HC Deb 14 December 1893 vol 19 cc1358-9
MR. J. PEASE (Northumberland, Tyneside)

I beg to ask the Under Secretary of State for Foreign Affairs whether Her Majesty's Government made the Indian Code applicable to the Province of Witu when it was banded over to the Imperial British East Africa Company's administration in March, 1891; and whether now, when Her Majesty's Government has itself to carry out a policy, Witu, which has by international agreement been constituted a British Protectorate, has been recently brought under the jurisdiction of the Sultan of Zanzibar, the Province being thus again placed under Mahomedan law, and recognition being given to the status of slavery?

SIR E. GREY

The judicial powers of the Company in Witu were exercised under the Africa Order in Council of 1889. The agreement of March 5, 1891, stipulated that the Indian Code should govern procedure under the Order, because the persons affected would be principally British Indian subjects.

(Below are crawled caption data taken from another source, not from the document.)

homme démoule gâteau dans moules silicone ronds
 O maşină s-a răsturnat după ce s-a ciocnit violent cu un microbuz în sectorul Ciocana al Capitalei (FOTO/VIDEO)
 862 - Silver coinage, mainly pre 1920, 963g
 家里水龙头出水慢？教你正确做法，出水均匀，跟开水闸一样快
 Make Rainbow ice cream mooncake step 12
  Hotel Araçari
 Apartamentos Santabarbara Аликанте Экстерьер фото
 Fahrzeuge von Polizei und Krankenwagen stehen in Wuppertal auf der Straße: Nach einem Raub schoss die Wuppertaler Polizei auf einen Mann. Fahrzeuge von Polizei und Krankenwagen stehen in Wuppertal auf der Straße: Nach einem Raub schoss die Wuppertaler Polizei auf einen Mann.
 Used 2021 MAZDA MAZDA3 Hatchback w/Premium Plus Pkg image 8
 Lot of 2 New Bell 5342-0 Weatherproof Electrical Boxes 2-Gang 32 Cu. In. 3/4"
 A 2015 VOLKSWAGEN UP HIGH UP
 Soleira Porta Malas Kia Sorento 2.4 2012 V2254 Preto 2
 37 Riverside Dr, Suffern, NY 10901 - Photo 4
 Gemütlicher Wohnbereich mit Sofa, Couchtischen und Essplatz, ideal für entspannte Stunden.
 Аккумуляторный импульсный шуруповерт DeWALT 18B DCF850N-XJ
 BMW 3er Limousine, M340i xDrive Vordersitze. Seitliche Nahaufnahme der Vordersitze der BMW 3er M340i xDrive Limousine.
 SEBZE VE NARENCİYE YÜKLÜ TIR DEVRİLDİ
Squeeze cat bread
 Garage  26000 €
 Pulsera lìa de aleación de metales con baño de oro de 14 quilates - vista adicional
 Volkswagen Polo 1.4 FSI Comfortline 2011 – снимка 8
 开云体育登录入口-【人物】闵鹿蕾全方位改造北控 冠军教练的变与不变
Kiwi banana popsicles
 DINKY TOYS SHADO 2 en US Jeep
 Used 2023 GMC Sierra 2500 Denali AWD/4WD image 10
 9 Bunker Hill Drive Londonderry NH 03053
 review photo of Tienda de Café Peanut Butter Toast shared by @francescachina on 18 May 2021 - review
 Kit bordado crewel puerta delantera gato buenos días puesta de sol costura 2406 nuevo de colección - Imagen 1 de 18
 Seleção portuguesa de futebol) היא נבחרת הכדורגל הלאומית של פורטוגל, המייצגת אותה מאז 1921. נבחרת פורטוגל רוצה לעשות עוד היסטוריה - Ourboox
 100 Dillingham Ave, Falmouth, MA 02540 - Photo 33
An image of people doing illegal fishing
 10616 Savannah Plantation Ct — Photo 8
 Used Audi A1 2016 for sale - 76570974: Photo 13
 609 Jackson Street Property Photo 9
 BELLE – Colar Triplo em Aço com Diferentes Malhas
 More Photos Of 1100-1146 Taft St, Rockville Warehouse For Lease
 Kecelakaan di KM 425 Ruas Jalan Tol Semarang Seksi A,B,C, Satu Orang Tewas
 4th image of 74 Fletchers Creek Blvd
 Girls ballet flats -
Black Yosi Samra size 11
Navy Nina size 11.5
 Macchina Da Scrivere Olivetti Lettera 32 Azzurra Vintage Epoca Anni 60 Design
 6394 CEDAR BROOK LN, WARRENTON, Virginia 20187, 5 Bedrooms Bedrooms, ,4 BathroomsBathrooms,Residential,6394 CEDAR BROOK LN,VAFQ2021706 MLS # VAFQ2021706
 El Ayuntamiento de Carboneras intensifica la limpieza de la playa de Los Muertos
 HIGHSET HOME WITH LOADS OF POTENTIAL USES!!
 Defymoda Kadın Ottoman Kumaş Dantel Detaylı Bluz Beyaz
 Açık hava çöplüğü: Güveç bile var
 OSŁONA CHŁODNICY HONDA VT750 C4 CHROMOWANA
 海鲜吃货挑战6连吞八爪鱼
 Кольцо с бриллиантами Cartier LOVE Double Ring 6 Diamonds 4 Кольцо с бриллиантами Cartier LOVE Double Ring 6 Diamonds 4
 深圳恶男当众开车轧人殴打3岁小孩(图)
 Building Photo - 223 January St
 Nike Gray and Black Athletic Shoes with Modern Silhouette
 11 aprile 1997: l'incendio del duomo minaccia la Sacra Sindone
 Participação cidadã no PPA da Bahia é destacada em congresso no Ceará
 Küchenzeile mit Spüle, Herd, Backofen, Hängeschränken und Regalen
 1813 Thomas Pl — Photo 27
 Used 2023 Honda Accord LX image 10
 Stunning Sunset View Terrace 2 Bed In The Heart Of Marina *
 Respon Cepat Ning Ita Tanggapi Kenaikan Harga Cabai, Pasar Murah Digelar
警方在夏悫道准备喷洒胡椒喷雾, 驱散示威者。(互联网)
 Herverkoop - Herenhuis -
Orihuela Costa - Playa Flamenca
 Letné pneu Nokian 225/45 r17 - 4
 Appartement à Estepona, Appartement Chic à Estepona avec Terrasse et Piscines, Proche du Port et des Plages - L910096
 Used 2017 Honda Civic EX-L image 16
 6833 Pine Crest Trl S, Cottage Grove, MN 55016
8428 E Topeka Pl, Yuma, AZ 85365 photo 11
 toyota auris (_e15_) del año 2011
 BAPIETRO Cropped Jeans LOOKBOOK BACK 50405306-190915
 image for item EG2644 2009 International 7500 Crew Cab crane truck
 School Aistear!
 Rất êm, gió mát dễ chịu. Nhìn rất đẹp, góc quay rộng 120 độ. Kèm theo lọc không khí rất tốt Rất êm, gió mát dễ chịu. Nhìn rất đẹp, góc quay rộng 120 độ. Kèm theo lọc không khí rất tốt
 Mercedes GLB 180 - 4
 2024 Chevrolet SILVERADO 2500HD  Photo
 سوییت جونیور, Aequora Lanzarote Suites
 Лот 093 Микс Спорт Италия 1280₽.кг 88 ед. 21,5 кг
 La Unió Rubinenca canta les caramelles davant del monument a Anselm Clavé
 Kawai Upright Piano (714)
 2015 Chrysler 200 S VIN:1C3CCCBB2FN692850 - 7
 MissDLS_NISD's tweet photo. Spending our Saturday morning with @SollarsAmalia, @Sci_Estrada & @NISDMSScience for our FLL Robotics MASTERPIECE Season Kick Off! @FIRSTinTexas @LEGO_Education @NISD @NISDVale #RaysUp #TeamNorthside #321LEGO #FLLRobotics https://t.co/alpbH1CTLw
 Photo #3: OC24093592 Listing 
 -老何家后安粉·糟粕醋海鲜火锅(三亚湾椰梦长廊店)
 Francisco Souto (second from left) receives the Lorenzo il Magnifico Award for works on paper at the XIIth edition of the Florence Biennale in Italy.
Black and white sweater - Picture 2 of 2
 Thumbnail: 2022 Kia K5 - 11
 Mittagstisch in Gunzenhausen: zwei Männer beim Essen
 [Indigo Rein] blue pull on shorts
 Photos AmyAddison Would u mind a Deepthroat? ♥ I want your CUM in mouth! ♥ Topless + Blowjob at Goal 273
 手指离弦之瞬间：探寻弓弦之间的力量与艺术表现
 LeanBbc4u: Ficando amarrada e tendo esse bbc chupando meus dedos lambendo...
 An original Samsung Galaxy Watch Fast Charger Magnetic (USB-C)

Justice to natives of Witu, in Witu, is not administered under British Orders in Council, which do not concern them, but under native law and custom. No change whatever has been made in this respect since the withdrawal of the Company's administration.

MR. J. A. PEASE

May I ask whether the provisions of the Indian Code cannot be made applicable to natives in the British Protectorate, although they are not British subjects?

SIR E. GREY

I understand that they are not applicable under the Order in Council under which the judicial powers of the Company were exercised.

SIR C. W. DILKE (Gloucester, Forest of Dean)

Might it not be made so?

SIR E. GREY

It has not been made so in neighbouring Protectorates where Mahomedan laws are allowed to prevail.

SIR J. GORST (Cambridge University)

Is it not possible to make the British Indian law applicable to the natives of a territory over which England has assumed the sovereignty?

SIR C. W. DILKE

I should like to ask whether such laws have not been made applicable in a virtually British region in the same way under the Colonial Office?

SIR E. GREY

I cannot say what was done under the Colonial Office; this has not been done in any Protectorate under the Foreign Office.